KemptonM commented 2 years ago

I might misunderstand - is the data in this torrent still based on Reddit's official CSV data, or does it come from scrapers?

lloydowen8 commented 2 years ago

I agree that the data used should probably use the joint torrent data. There are a few scappers out there that could be implemented to collect this data automatically rather than having the user download the dataset.

See here for an example

However, I'd suggest that this should probably be a forked project. I don't have the time to manage this repo as I have my finals in a couple weeks. I'd also be happy to add collaborators to the project to manage pull requests as long as it was handled appropriately

memmam commented 2 years ago

@KemptonM it comes from Reddit's official CSV data, but it's going to take us some time to repair it as Reddit's official CSV data is incredibly mangled. Right now we're working on combining the r/Place timeline data (which has snapshots spaced every 1sec apart) with the CSV data to try and determine the actual order of pixels placed and repair the data.
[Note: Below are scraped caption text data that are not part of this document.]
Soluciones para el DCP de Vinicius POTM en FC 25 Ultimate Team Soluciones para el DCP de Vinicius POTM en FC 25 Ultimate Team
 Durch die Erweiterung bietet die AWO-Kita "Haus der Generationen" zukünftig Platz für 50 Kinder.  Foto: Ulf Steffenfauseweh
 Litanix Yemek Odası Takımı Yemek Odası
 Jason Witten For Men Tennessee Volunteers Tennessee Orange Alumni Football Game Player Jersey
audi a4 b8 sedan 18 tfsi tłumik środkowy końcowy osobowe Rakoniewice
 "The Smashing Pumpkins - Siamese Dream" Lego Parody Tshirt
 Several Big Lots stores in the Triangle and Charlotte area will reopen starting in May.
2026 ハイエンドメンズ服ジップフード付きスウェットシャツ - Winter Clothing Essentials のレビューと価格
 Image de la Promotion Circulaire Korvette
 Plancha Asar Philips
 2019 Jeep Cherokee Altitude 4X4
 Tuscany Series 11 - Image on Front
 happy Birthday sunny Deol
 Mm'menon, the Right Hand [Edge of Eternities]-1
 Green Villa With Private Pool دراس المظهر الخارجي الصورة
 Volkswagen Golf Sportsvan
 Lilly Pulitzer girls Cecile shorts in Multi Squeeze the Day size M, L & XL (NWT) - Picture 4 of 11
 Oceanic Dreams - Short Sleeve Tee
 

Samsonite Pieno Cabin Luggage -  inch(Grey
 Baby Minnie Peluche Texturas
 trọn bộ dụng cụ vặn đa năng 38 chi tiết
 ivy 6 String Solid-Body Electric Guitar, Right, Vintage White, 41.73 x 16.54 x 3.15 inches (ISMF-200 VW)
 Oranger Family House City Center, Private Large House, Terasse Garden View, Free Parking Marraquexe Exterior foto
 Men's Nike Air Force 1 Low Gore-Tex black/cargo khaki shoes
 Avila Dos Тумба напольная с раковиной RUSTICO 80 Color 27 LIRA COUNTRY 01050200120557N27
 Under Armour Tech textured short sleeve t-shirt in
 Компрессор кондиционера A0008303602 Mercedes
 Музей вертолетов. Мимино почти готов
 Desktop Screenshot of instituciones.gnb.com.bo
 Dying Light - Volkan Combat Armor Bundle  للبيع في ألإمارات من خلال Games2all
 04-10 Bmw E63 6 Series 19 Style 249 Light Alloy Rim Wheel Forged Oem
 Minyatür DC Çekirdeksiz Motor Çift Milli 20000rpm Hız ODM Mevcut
memmam commented 2 years ago

@lloydowen8 I'd be fine taking over the project if you'd like, I just started a new quarter at UCSD so I'm fairly busy myself, but I've been making time to work on a lot of r/Place related projects in the last few days, and I think I've been the most active person in this repo anyways. I can fork it or you can transfer ownership to me, your choice.

lloydowen8 commented 2 years ago

This has been addressed in the standalone script. However, the notebook should also be adapted to use this data.